This is the rule of setoff.
That rule, states that any asset/funds in the creditors control can be used to satisfy the debt owed. This is a sticky situation.
Depending on what the creditor does, it is possibly a violation of the automatic stay. However, the lender can freeze the account, since the asset secured by the amounts owed. Ultimately, you may lose the money, as it is not feasible to pay the creditor fair market value of the asset held, here the money, so you might lose the money.
One major case on point states :
Citizens Bank of Maryland v. Strumpf, 116 S.Ct. 286 (1995)
Administrative hold is not a setoff, i.e., no violation of stay
Therefore, by freezing the account, the creditor may not be in violation of the automatic stay.

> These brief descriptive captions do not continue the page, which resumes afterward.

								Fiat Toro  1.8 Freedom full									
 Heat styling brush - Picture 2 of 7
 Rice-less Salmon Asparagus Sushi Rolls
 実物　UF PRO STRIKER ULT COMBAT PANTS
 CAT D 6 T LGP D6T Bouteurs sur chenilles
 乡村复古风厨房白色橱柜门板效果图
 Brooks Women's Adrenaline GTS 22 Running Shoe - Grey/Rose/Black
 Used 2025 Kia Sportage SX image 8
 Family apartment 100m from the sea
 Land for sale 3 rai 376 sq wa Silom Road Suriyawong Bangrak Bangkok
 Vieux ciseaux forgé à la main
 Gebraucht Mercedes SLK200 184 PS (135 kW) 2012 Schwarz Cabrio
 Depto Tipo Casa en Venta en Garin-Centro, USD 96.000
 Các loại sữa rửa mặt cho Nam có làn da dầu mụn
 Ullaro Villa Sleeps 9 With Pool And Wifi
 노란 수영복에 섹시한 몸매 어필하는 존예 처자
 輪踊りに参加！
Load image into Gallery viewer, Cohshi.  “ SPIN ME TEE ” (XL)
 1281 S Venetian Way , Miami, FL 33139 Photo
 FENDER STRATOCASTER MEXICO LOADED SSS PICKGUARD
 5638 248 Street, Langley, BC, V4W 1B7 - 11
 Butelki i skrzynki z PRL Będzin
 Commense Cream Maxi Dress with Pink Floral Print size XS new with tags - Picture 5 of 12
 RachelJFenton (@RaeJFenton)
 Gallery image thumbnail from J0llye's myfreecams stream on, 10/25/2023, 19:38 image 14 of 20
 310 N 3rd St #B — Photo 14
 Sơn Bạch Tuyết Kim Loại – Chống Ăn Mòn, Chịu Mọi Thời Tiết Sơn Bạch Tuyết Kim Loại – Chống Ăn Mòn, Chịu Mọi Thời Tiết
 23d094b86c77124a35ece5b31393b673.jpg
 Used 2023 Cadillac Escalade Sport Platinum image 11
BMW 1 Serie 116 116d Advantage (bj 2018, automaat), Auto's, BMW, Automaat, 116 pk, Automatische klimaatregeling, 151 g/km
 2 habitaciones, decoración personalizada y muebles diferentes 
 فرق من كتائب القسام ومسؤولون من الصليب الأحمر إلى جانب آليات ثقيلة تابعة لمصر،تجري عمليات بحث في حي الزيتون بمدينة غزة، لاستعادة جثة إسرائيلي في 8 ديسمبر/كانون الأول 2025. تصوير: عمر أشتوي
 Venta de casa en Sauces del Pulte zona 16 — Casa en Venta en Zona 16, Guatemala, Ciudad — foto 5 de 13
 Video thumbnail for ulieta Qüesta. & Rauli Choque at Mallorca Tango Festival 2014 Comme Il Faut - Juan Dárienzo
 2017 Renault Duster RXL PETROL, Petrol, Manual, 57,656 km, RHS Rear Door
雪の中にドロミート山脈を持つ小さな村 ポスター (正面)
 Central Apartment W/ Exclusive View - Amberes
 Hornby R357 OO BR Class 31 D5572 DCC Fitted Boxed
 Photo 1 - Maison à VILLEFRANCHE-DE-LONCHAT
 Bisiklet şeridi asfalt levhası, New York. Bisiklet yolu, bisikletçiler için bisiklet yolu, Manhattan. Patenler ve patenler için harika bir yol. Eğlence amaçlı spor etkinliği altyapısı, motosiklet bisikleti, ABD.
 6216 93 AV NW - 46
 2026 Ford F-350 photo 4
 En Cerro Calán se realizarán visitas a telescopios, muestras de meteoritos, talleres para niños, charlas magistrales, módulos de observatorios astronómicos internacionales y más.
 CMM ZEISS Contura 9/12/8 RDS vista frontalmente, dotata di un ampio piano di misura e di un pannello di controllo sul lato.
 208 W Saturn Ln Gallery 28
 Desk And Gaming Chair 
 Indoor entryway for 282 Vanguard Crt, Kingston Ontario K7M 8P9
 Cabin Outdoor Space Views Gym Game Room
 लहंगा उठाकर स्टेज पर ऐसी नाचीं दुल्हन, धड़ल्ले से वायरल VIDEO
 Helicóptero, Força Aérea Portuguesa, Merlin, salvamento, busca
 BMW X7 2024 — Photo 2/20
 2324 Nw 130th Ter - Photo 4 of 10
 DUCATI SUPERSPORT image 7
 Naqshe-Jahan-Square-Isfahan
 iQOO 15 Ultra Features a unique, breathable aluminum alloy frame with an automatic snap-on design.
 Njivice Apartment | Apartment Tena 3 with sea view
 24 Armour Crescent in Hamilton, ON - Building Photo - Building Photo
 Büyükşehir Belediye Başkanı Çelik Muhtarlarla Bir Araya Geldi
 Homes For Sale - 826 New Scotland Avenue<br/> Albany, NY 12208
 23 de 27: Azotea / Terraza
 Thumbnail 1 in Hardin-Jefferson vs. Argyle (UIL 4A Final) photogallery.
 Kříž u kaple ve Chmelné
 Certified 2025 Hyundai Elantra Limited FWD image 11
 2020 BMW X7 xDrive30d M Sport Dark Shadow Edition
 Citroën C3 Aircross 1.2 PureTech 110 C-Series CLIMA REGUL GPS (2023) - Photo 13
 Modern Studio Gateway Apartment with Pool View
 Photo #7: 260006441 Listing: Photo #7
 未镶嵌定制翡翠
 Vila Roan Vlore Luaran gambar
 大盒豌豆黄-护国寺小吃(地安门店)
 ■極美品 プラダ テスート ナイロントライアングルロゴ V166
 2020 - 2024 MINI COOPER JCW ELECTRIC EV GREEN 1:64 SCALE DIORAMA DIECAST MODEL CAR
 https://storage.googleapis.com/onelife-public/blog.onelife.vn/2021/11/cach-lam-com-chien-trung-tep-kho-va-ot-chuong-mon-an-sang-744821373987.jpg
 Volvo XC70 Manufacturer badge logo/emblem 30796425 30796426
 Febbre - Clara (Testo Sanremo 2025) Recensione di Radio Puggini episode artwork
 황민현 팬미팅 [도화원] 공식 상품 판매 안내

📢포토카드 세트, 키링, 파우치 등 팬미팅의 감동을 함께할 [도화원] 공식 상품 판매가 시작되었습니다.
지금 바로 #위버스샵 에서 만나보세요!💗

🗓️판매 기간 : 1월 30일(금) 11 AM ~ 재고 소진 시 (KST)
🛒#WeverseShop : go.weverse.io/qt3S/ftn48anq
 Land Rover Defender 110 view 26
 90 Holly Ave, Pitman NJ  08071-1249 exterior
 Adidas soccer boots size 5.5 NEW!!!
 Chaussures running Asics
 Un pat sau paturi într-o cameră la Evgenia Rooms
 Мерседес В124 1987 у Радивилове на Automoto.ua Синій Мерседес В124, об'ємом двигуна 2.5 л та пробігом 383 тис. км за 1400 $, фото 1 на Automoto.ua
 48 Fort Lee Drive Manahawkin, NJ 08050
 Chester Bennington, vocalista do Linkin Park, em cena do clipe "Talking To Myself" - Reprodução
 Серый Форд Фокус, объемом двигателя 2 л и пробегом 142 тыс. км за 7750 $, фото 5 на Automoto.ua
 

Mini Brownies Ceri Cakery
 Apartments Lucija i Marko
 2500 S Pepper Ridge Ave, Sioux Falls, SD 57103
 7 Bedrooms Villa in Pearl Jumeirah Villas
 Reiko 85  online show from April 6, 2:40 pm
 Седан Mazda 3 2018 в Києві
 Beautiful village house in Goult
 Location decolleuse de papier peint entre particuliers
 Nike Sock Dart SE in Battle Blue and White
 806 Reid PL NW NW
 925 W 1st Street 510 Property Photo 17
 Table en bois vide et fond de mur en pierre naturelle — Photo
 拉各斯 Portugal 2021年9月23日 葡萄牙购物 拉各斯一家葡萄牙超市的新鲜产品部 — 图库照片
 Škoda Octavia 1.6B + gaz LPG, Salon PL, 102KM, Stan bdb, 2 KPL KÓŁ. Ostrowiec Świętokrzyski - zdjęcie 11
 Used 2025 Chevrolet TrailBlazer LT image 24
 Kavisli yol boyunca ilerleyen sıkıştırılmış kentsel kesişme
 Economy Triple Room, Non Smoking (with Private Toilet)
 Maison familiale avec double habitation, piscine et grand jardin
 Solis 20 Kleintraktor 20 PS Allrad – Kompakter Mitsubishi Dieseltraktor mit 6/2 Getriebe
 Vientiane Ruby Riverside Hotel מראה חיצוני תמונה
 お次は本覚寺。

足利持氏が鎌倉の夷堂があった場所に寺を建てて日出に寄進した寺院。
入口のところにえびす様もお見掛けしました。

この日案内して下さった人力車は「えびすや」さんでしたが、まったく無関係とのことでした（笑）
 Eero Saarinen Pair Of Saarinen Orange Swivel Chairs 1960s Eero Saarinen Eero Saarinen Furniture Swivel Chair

Some guidance can be found on the USTrustee site, which says:
Q. Setoff And The Automatic Stay. Setoffs found to violate the automatic stay do not justify denial of an otherwise valid right of setoff. Instead, violations of the stay are punished under § 362(h), which does not authorize denial of setoff as a sanction. At best the debtor should be entitled to damages suffered on account of the stay violation which should be zero unless the debtor was willing and able to provide adequate protection for the creditor's security interest in the amounts held subject to setoff. 11 U.S.C. §§ 506(a), 363(a),(c)(2), and (e); see generally In re Hudson, 168 B.R. 449, 453 (Bankr. S.D. Ga. 1994) (court finds IRS
withholding is a violation of the stay but permits setoff nonetheless; violation of stay only entitles debtor to recovery under § 362(h)); In re Midway Indus. Contractors, Inc., 167 B.R. 139, 144 (Bankr. N.D. Ill. 1994) (offset in violation of the stay is not "sufficient reason to deny the [IRS] the modification of the stay" -- court sanctions IRS under ??(h) instead), rev'd, 178 B.R. 734 (N.D. Ill. 1995) (IRS adjustments are not setoff; § 362(h) does not apply to corporate debtors); In re Lough, 163 B.R. 586, 589 (Bankr. D. Idaho 1994) (??(h) does not allow for sanctions for freezing funds even if a technical violation of the automatic stay); In re Custom Ctr., Inc., 163 B.R. 309, 318-19 (Bankr. E.D. Tenn. 1994) (withholding funds, even if a violation of the automatic stay, does not justify denial of otherwise valid right of setoff); In re Gribben, 158 B.R. 920 (S.D.N.Y. 1993) (setoff without relief from stay a mere "faux pas" and does not justify denial of an otherwise valid right of setoff). But see In re Operation Open City, Inc., 148 B.R. 184 (Bankr. S.D.N.Y. 1992), aff'd 170 B.R. 818, 825 (S.D.N.Y. 1994) (setoff in violation of stay is void and warrants turnover order against creditor).